Tuesday, 7 September 2010

"Three Wing Fling" - Windy and Breezy

When Walter Lantz's studios reopened in the 1950's, it was clear their animation and design quality undertook a massive overhaul for cost efficient needs - something not unlike Hanna-Barbera's look when they brought out "The Hucklebery Hound Show" in 1958 for television.
...and like many studios then, right up to today, it seemed that Walter Lantz would follow the "pirate" way and create semi-similar characters based by other people's creations.
 Take, for instance, Yogi Bear and Boo-Boo. They started out the same time as Huckleberry Hound a long while before gaining their own show, yet almost the exact same time - 1957 - Walter Lantz brought to us Windy and Breezy.
Windy & Breezy first starred in a Woody Woodpecker short "Fodder and Son" before being given a short-lived series lasting for about 4 cartoons, their last outing in 1959. Unlike Yogi, these two were father and son - although in similar vein to Andy Panda and Pop (also by Lantz), it was the dad who stole the show and pretty much the screentime.
Had it not been for writer Homer Brightman and VA legend Daws Butler, these two probably wouldn't have made it as far as they did. Sure, they're not the most renown cartoon bears in animation history, but for those who do remember them here's a little taster of memory lane:


  1. Given how Yogi Bear's voice was loosely based on Art Carney's "Ed Norton" character from The Honeymooners, it seems ironic that Windy's voice appeared to be patterned after Jackie Gleason and/or his "Ralph Kramden" character.

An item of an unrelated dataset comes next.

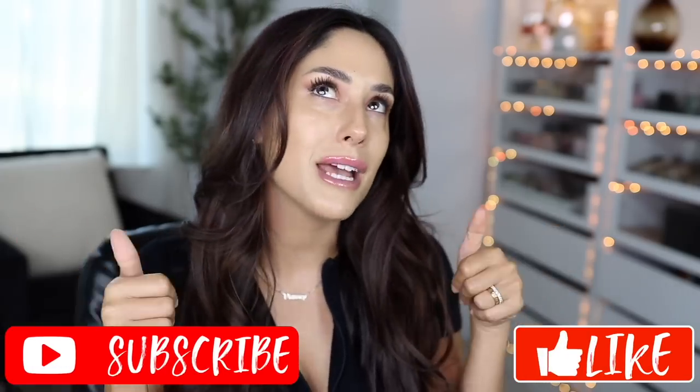So I hope that you guys enjoy this video, and if you do, please make sure to give it a big thumbs up, and don't forget to subscribe to my channel to join my squad. Let's get into it.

    The other difference: Windy and Breezy were both voiced by Butler. Unlike on Yogi Bear where Boo Boo's voice was supplied by Don Messick.

  2. Correct me if I'm wrong: "Fodder and Son" aired in 1957 and Yogi Bear appeared in 1958 (i don't know if the information in Wkipedia is accurate). So, Yogi Bear is the copy, isn't it?

  3. "Fodder and Son" has a theatrical release date of November 4, 1957 meaning that it had been in production for several months prior to it's actual release. Yogi debuted as a segment of "The Huckleberry Hound Show" in September of 1958.

    This particular theatrical is almost too coincidental in similarities to the later Yogi Bear character...right down to the familiar "Do Not Feed the Bears" sign seen in so many Yogi cartoons...so I can see how some may come to the conclusion that the team at Hanna-Barbera could have lifted the concept of a forever hungry bear craving food meant for human consumption from this story and applied it to Yogi but to come out and publicly accuse them, or anyone else, of stealing idea's and concepts is something I'd never do.

    I enjoy Yogi and the several cartoons of Windy equally irregardless of which idea originated first.